## Aim of the task
No line before the one holding "May include: Embroidered" is wanted; restate word for word that line and all lines after it to the end of the entries, excluding pictures.

## Crawled caption data
Content starts
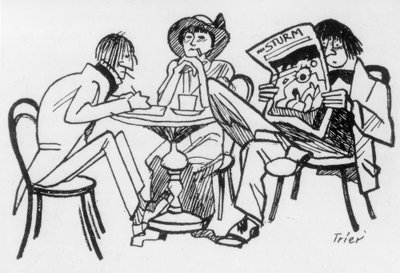 Literatos en el Café des Westens de Walter Trier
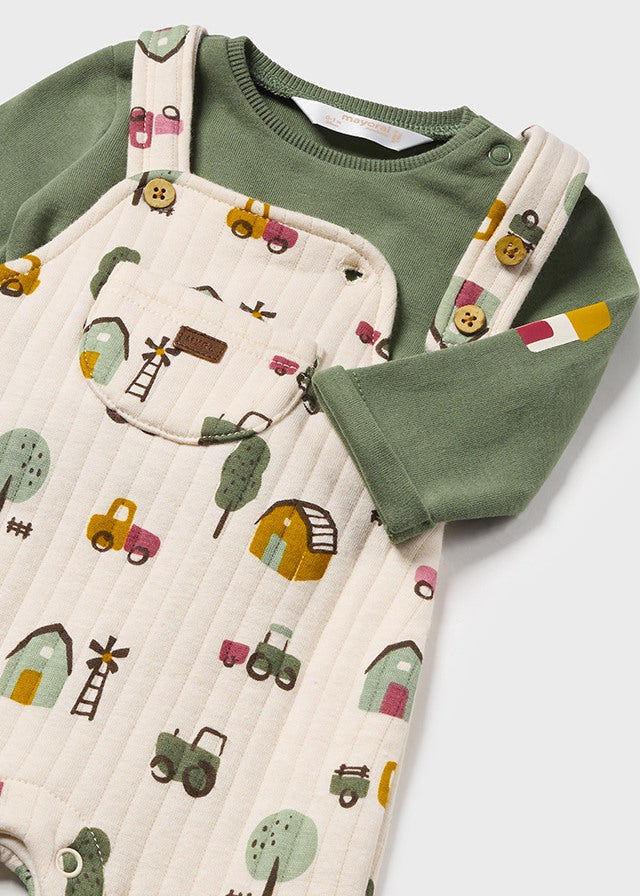 Mayoral Baby Green Dungaree Set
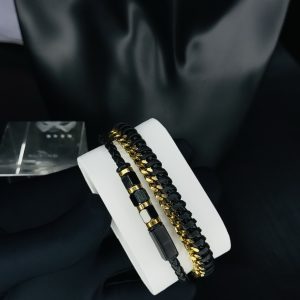 Male black leather bracelet 012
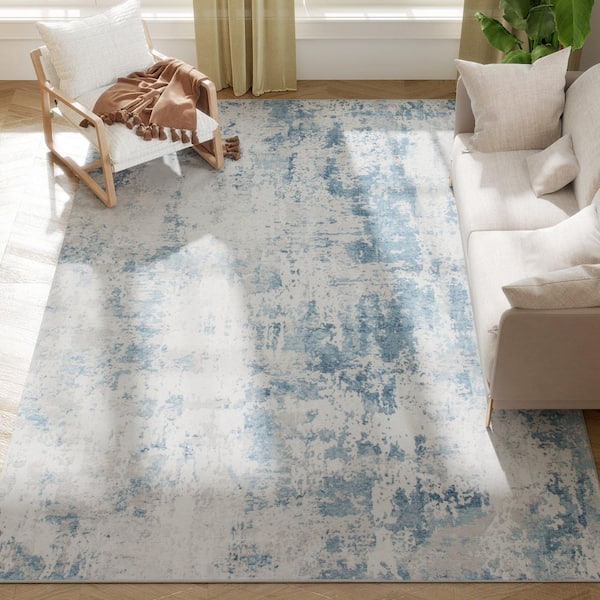 Area Rug 8 ft. x 10 ft. Machine Washable Rug, Modern Abstract Cover Rug for Living Room, Bedroom, Dining Room, Blue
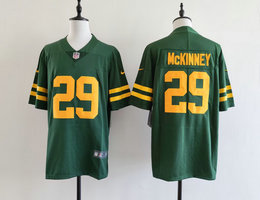 Nike Green Bay Packers #29 Xavier McKinney Green Gold Name Vapor Stitched Football Jersey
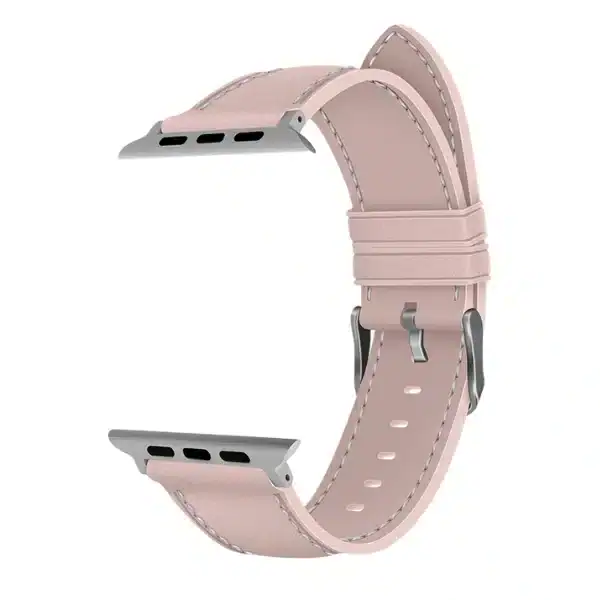 רצועת סיליקון אפל ווטש דמוי עור בצבע Pink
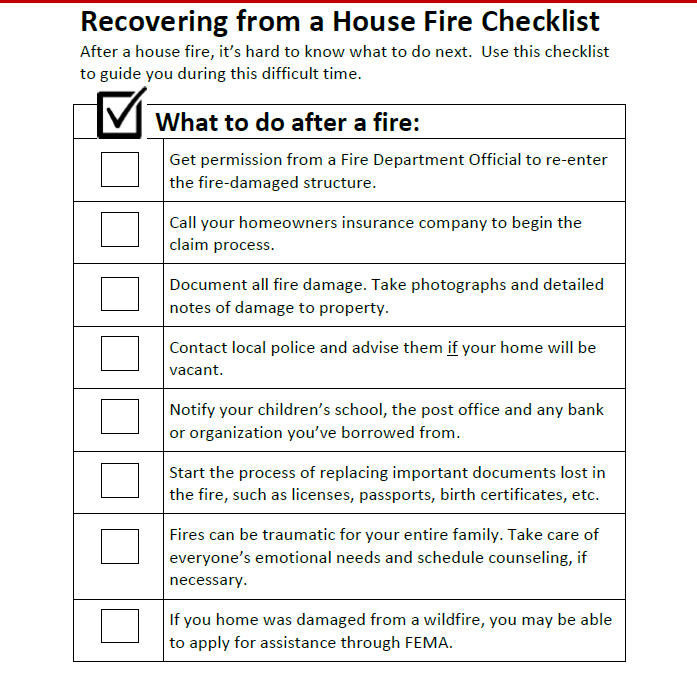Checklist What To Do After A Fire Nbc Los Angeles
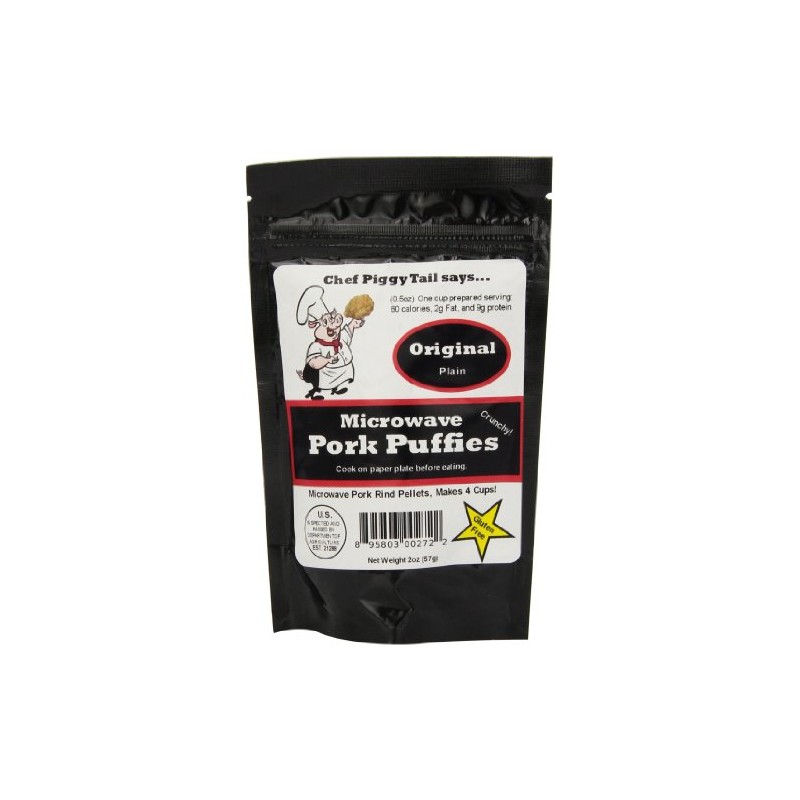 Chef Piggy Tail Microwave Pork Puffies Pork Rinds, Original, 2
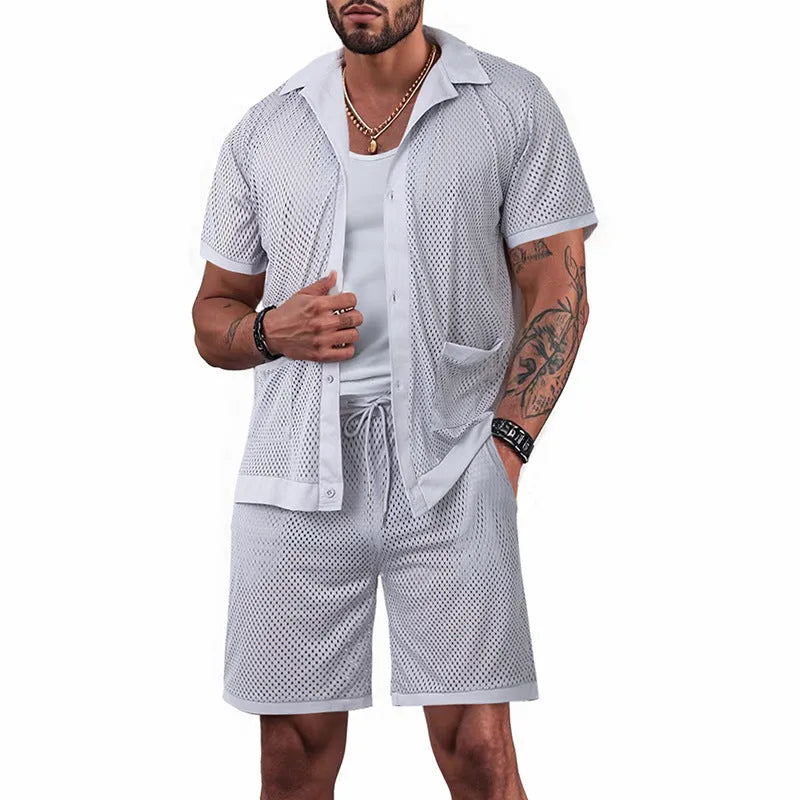 Women's lightweight beach outfit two-piece set with short sleeve cardigan and matching shorts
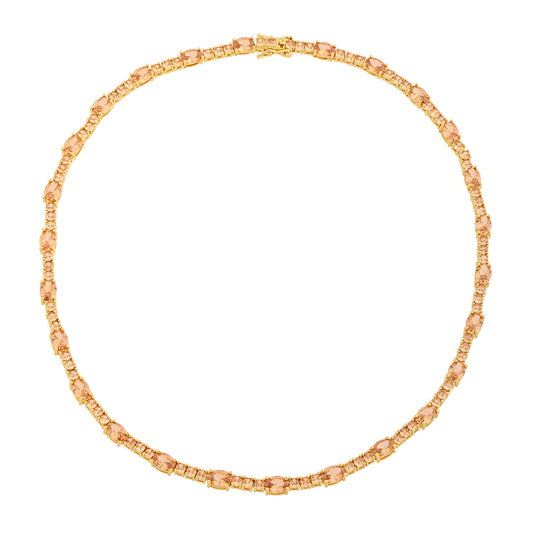 Colar Riviera Ovais Maiores Cristal/Rose Dourado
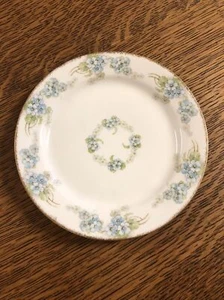 Elite Works Limoges France Blue Flowers Gold Edge Trim 6.5” Small Plate - Picture 1 of 4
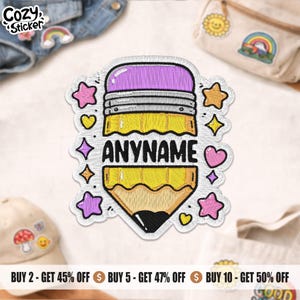 May include: Embroidered pencil-shaped patch with the text "ANYNAME". The patch features a purple eraser, yellow pencil body, and black tip, surrounded by stars and hearts. The patch is a Cozy Sticker product.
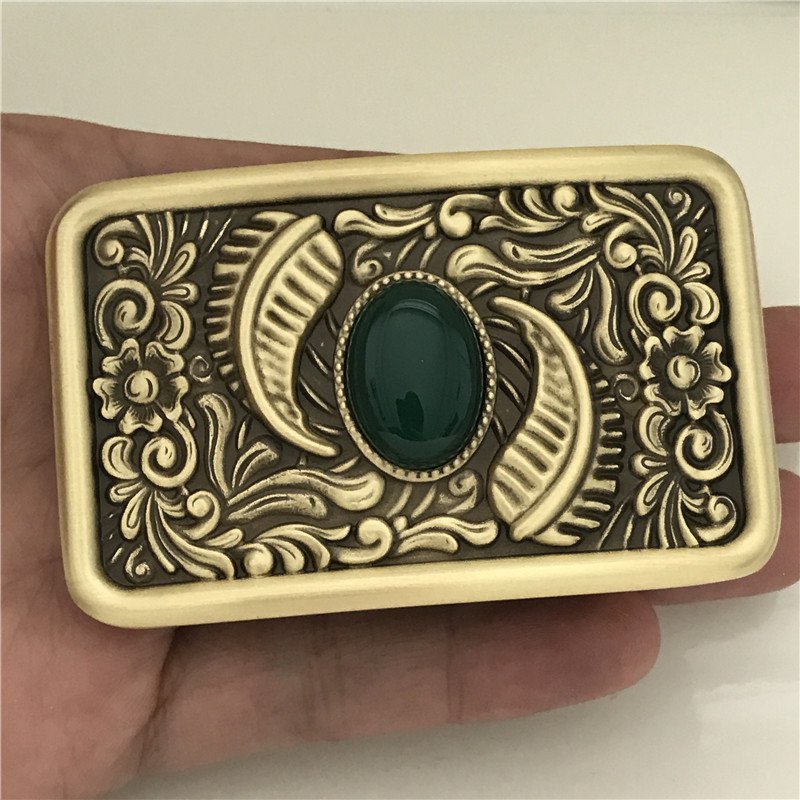 100% Solid Brass Flower Pattern Western Cowboy Belt Buckles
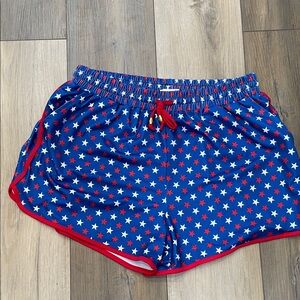 Women’s Blue Star Print Athletic Shorts with Red Trim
Content ends
## Answer for this exercise
 May include: Embroidered pencil-shaped patch with the text "ANYNAME". The patch features a purple eraser, yellow pencil body, and black tip, surrounded by stars and hearts. The patch is a Cozy Sticker product.
 100% Solid Brass Flower Pattern Western Cowboy Belt Buckles
 Women’s Blue Star Print Athletic Shorts with Red Trim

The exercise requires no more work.